_What you should do_
Each line, starting at the one with "Idol from excavations" and running to the end of the data below, is to be set down again exactly, both ends included; leave pictures out.

(Pictures with short captions)

▬▬▬▬▬▬▬▬▬▬

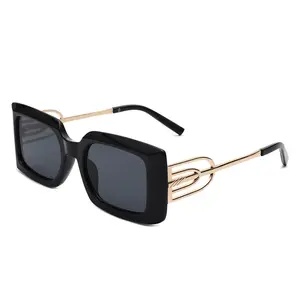 2023 Top designer Futurism square glasses men women metal sunglass fashion INS style sunglasses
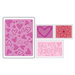 Sizzix - Textured Impressions - Embossing Folders - Valentine Set 4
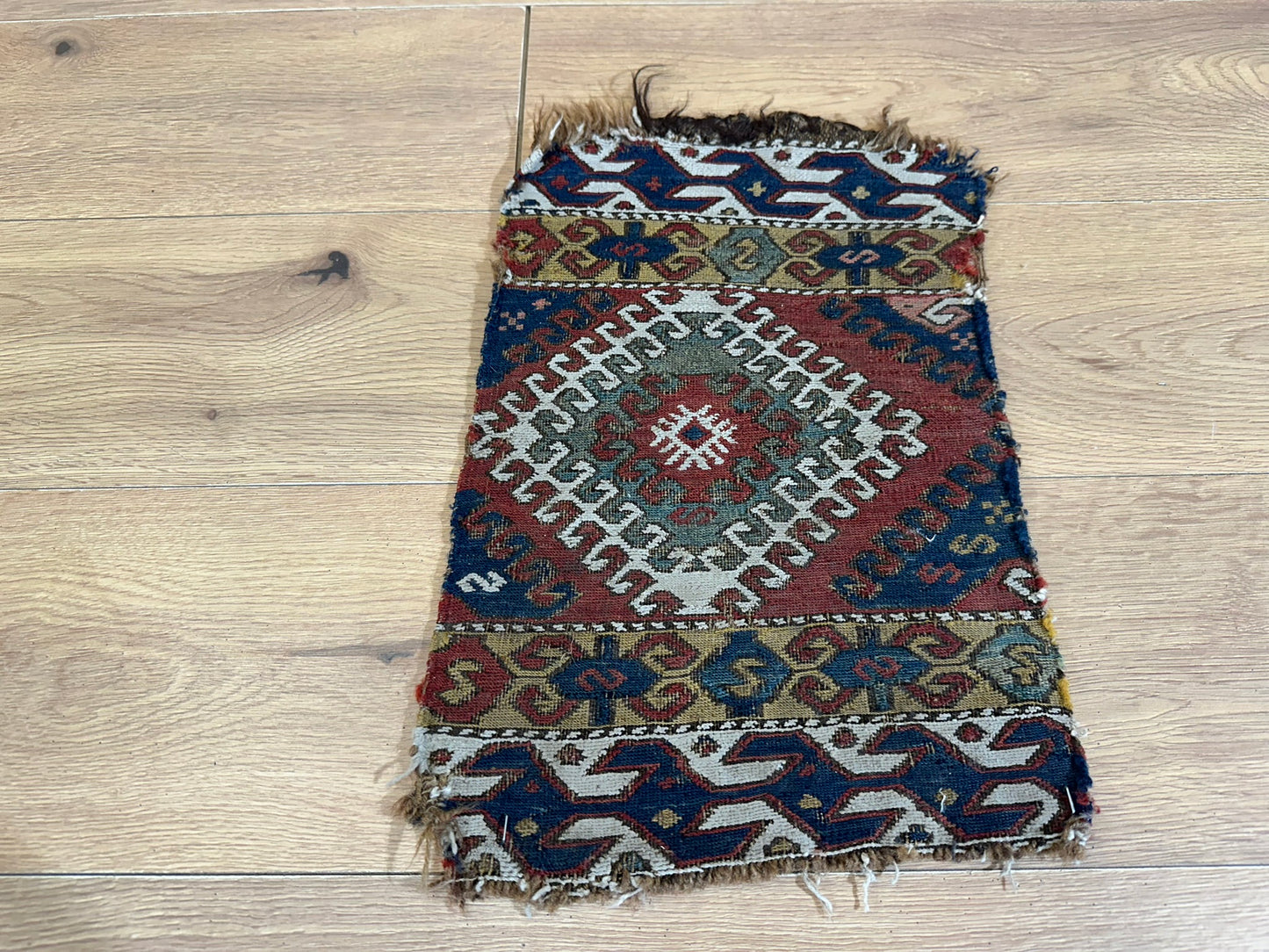 Orient Antikes Anatolisches Kelim Fragment Tasche 46x30 cm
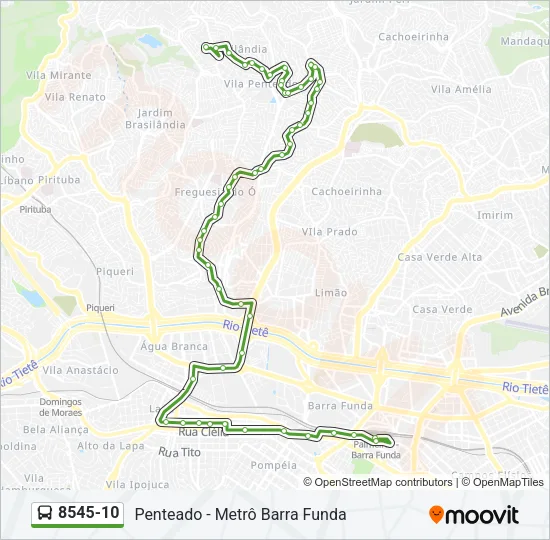 8545-10 Bus Line Map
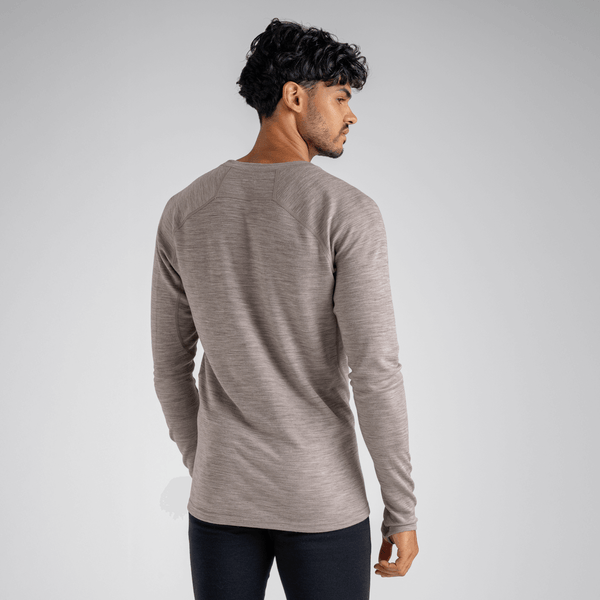 Hejma Men's Merino Longsleeve — Blue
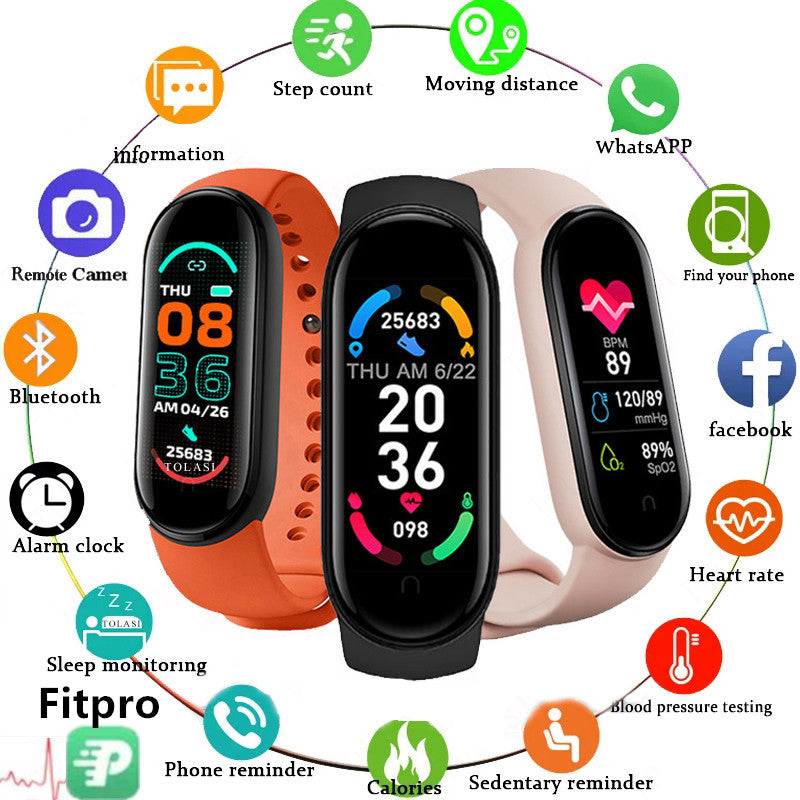 Premium Waterproof Fitness Smartwatch for Men & Women - Heart Rate, Blood Pressure, Activity Tracker, Sleep Monitor, Multi 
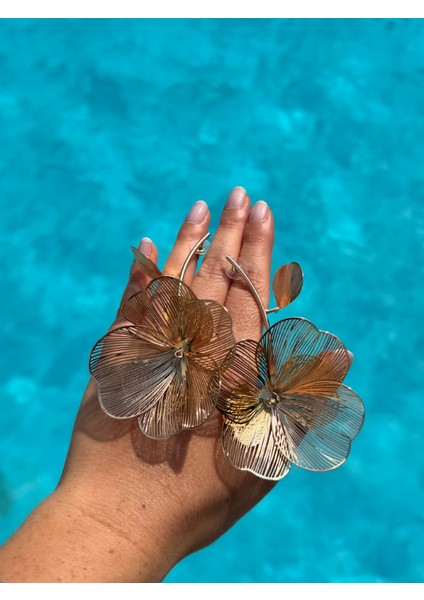 Sallantılı Telkari Modeli Çiçek Küpe fiyatları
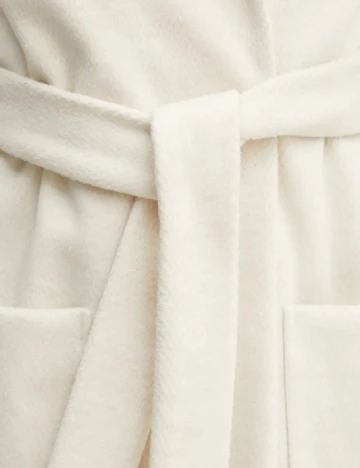 Palton oversize Liu Jo, crem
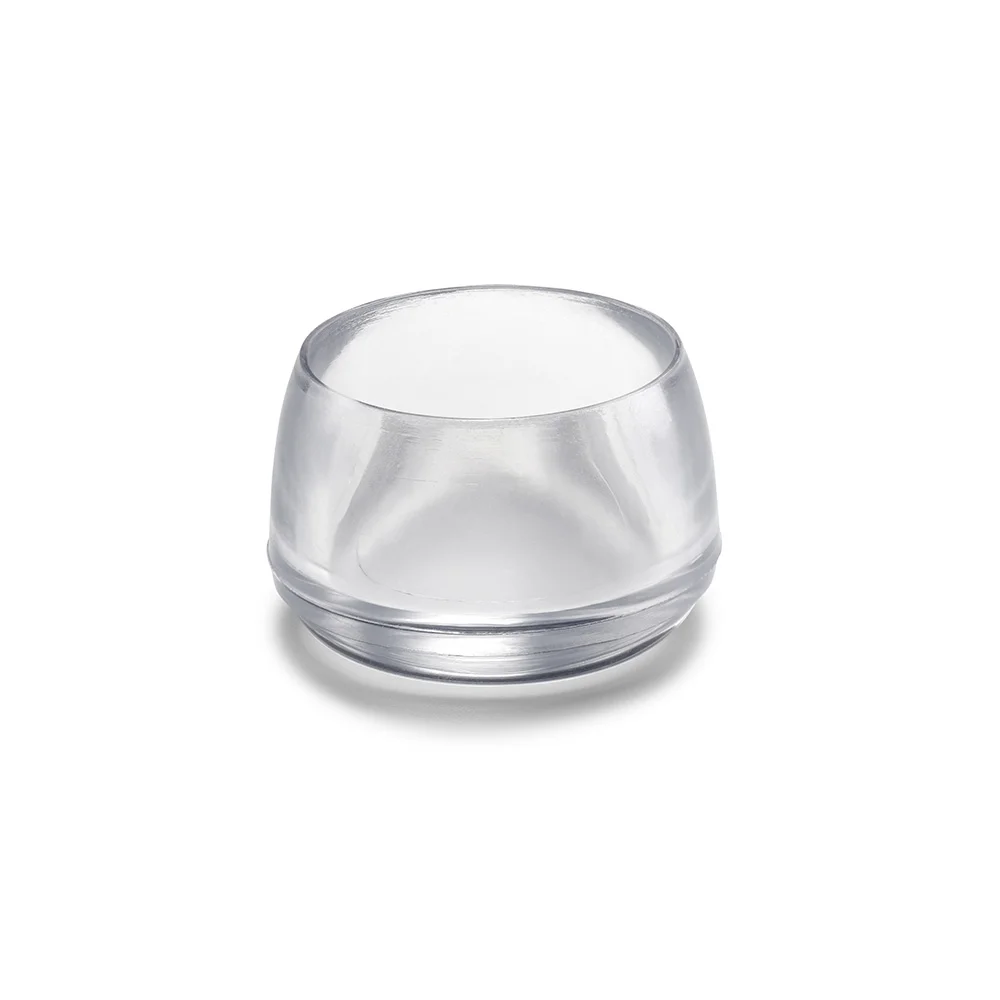 Pé Redondo para Cadeira Exterior Transparente Ø20mm (Blíster 4 Unid.) Inofix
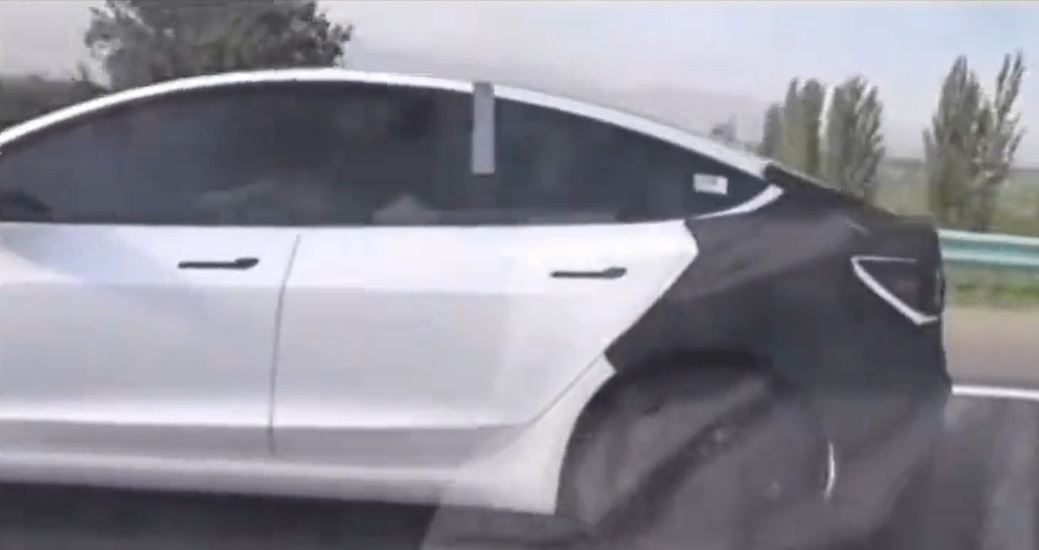 Tesla Model 3 Highland Project spotted testing in China - ArenaEV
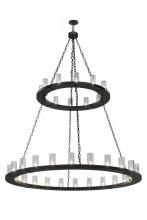 Meyda White 164615 - 72" Wide Loxley 36 Light Two Tier Chandelier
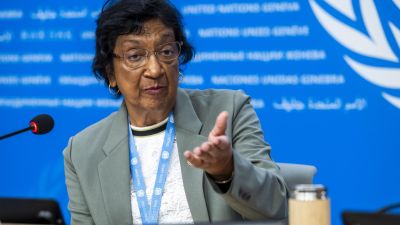 Navi Pillay, en una de sus últimas intervenciones en la sede de Naciones Unidas.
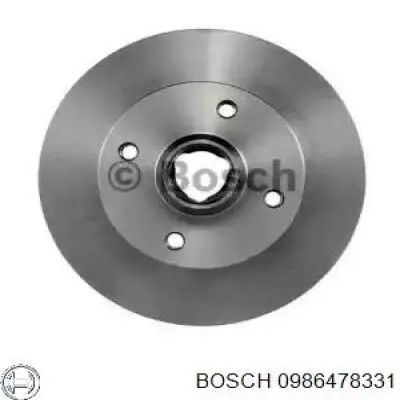 Гальмівні диски 0986478331 Bosch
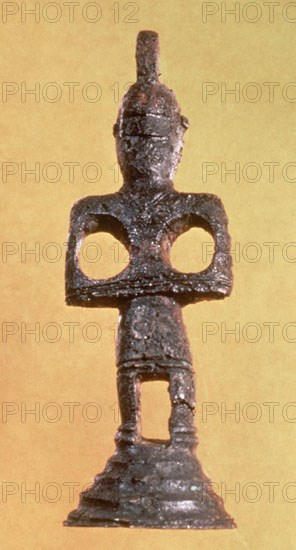 Idol from excavations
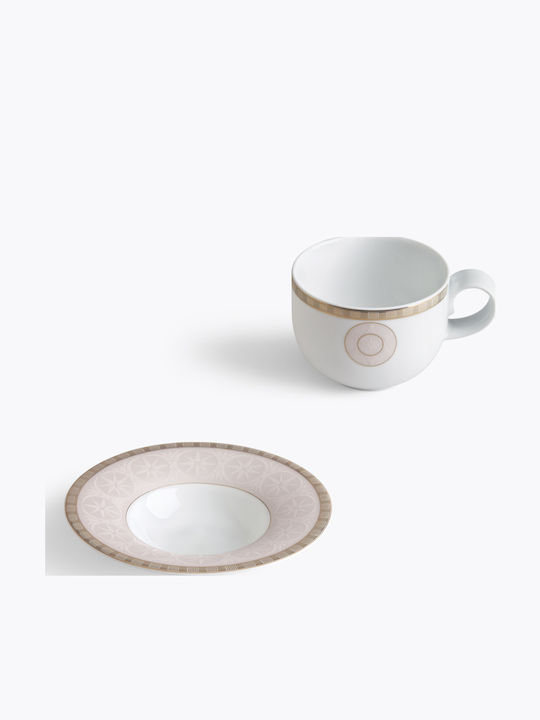 Ionia Erinnerung Tasse Tee aus Porzellan Weiß 200ml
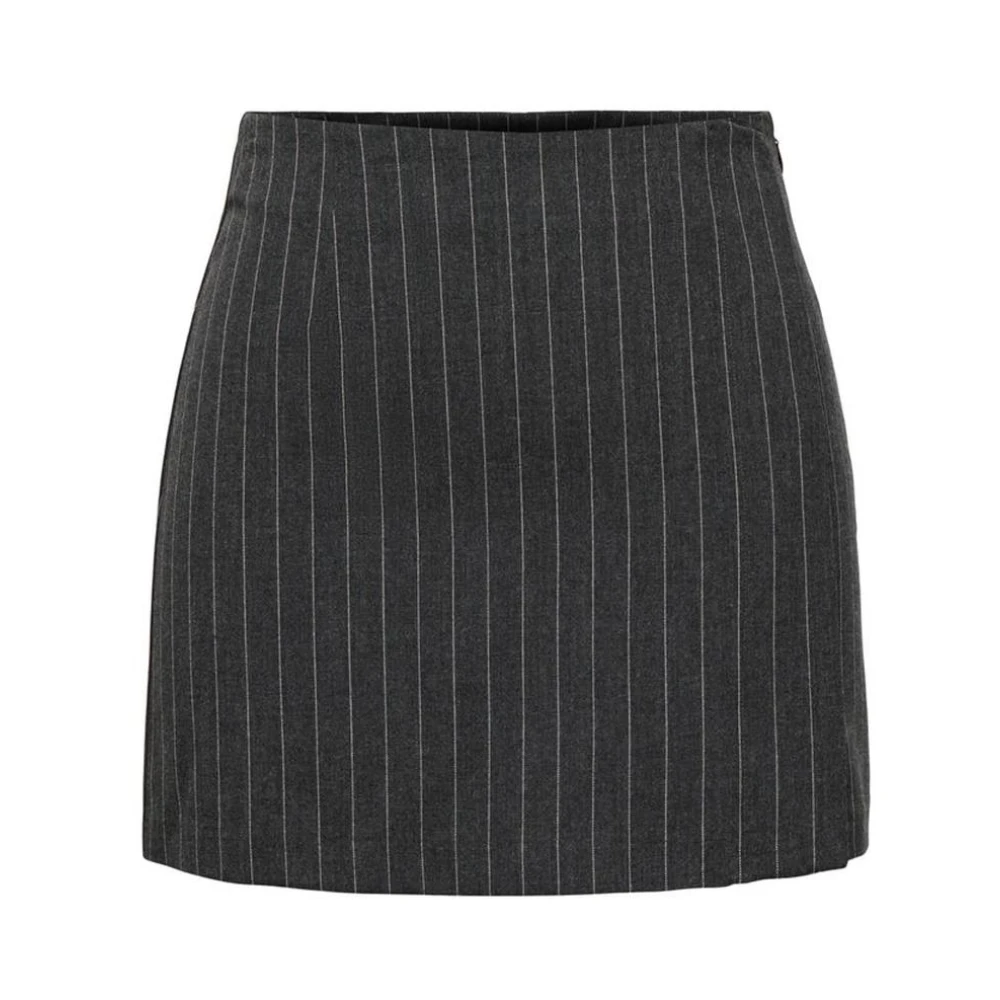 Only Stijlvolle Pinstripe Minirok Gray Dames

▬▬▬▬▬▬▬▬▬▬

_Worked solution_
 Idol from excavations
 Ionia Erinnerung Tasse Tee aus Porzellan Weiß 200ml
 Only Stijlvolle Pinstripe Minirok Gray Dames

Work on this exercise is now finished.